2018 Softball Canada – WBSC Pitching Rule Trial
WBSC Pitching Rule – Fast Pitch
With the one-year trial of the WBSC Pitching Rule for competition in U16 Male and U19 Female age groups and above, several questions have come forward regarding the interpretation and application of the rule. Below are some interpretative comments that seek to address some of the common questions.
The 2 to 5 second pause in the WBSC rule is only applicable to those categories included in the WBSC pitching rule trial. These include U16M / U19F and above categories. All other age groups will continue to be covered by the Softball Canada rule, which demands a 1 to 10 second pause.
Umpires should strictly enforce a full two second pause. While the one second pause in the Softball Canada rule has been interpreted to simply mean a complete stop, the WBSC rule purposely demands a full pause for a minimum of two seconds. Umpires should also focus on enforcement of the five second maximum. Pitchers cannot wait out the batter, delaying for them to relax before beginning the pitch.

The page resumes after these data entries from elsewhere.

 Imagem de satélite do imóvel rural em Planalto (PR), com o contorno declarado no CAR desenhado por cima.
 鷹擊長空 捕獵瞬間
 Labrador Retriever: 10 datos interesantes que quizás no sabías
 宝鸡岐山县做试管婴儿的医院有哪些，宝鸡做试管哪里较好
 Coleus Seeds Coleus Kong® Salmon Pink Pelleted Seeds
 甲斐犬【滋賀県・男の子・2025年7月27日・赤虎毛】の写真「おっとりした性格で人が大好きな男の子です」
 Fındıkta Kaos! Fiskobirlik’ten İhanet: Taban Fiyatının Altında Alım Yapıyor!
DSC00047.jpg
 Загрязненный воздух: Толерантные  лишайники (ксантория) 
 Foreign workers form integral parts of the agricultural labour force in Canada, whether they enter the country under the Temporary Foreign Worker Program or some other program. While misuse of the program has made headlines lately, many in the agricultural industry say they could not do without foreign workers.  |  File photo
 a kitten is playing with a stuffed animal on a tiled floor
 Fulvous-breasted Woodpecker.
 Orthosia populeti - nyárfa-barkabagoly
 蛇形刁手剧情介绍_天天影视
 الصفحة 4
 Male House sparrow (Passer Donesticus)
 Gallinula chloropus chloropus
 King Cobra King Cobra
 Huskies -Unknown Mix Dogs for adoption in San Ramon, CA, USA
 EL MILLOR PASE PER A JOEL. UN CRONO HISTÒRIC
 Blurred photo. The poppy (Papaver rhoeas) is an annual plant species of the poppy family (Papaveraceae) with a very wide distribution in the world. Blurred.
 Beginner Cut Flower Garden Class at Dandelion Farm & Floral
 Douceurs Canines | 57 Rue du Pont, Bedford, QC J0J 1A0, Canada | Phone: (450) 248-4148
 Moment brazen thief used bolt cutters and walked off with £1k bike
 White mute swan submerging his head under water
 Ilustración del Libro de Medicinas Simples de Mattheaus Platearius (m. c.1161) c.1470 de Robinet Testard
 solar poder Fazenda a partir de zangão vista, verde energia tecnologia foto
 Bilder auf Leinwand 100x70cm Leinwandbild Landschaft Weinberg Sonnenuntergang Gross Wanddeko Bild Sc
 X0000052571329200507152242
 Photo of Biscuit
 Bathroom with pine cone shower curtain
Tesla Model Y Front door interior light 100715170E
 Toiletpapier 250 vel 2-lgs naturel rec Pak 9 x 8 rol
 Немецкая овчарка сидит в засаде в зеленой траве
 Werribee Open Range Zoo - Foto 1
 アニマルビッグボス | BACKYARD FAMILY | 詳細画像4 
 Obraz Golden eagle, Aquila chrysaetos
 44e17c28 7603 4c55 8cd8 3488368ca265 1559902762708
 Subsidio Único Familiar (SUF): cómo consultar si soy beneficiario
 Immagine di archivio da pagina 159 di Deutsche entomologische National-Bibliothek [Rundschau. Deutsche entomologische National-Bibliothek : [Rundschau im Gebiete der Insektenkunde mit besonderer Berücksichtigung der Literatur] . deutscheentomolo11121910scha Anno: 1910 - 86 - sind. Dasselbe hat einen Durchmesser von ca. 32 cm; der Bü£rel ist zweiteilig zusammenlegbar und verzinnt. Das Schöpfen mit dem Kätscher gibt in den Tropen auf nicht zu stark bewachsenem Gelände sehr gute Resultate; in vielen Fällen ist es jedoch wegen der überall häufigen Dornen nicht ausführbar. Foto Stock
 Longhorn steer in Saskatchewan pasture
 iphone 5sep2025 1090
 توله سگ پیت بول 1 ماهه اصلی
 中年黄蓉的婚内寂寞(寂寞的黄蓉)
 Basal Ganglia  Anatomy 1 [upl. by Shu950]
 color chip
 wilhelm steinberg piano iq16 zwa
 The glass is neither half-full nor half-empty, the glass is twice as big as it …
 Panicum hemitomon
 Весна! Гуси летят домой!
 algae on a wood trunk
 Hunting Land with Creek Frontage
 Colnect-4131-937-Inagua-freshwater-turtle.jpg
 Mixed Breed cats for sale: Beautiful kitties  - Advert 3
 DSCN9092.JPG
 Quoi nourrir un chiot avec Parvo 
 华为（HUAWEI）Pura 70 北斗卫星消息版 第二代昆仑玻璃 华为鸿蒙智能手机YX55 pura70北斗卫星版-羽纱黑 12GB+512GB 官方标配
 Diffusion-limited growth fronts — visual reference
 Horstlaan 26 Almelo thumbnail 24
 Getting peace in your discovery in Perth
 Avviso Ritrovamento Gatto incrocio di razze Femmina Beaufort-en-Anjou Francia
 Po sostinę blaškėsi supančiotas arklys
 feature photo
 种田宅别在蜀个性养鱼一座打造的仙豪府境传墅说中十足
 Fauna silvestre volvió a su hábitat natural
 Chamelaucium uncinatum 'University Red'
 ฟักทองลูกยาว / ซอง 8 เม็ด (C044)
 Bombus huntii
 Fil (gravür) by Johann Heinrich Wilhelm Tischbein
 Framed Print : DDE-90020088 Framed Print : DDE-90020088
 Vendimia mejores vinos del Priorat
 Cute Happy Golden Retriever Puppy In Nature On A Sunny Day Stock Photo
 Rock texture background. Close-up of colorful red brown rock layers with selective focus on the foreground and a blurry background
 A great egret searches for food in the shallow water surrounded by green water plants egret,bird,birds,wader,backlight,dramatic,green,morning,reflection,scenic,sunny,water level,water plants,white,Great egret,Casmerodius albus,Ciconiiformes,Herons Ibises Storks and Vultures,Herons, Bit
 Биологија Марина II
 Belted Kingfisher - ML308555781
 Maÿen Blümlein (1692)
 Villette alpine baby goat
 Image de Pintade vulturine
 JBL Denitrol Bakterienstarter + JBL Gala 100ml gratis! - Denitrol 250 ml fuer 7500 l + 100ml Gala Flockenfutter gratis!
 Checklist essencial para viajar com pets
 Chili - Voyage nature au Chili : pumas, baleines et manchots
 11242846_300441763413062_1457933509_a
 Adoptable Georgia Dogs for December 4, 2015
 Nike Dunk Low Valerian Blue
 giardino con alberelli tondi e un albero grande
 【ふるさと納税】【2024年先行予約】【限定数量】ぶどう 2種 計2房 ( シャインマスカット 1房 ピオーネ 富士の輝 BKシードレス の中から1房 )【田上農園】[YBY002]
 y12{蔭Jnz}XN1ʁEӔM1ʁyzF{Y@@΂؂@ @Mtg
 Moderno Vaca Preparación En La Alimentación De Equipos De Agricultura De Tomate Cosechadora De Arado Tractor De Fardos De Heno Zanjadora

The pitcher may take a signal from the catcher with one or both feet on the pitching plate. After taking (or appearing to take) a signal, they may step back and then bring their hands together or they may carry out both actions simultaneously. The pause does not begin until the joined hands come to a stop in front of or at the side of the body (hands must be visible to batter) and the feet and body are still. Once the pause is established, all movement must be forward with the pitch. Any backward movement after the pause will be a violation.
As with the Softball Canada rule, the pitcher may continue to make adjustments of the ball and their hand within the glove during the pause.
On the step forward, the pitcher may slide their pivot foot sideways or forward on the pitching plate as long as they do not lift the foot (they may clear their cleats slightly if necessary). They may also rotate on the ball/toes of their foot to push off. Loss of contact with the heel of the pivot foot is permissible during the rotation as long as the point of the pivot foot does not move forward (see image below). Any step forward (visible forward movement of the toe of the pivot foot) is a violation.
Pitchers may leap, land and throw as long as the hands have separated and the arm rotation has started prior to the pivot foot landing. The pivot foot may land prior to the release provided there has been no stoppage in the arm rotation and there is a fluid continuous motion.
Play A: After establishing their feet and taking a signal from the catcher, a pitcher brings their hands together, stops and immediately (less than two seconds) begins the motion to pitch.
Ruling: This is a violation. Primary jurisdiction for this offence lies with the home plate umpire. If it is a first offence, the umpire may elect to issue a warning. Subsequent infractions shall be enforced.
Play B: A pitcher has both feet on the pitchers plate. After taking a signal from the catcher, the pitcher steps back and then brings their hands together to begin the pause.
Ruling: This is a legal action. The pitcher’s movement to step back preceded the pause.
Play C: A pitcher has both feet on the pitcher’s plate. After taking a signal from the catcher, the pitcher brings their hands together in front of the body and initiates a pause (hands, feet and body coming to a stop) prior to stepping back with the non-pivot foot.
Ruling: This is a violation. Once the hands come together in front or at the side of the body and their feet and body come to rest, this would be considered the start of a pause. The start of any backwards movement of the feet after the pause has started should be enforced as an illegal pitch.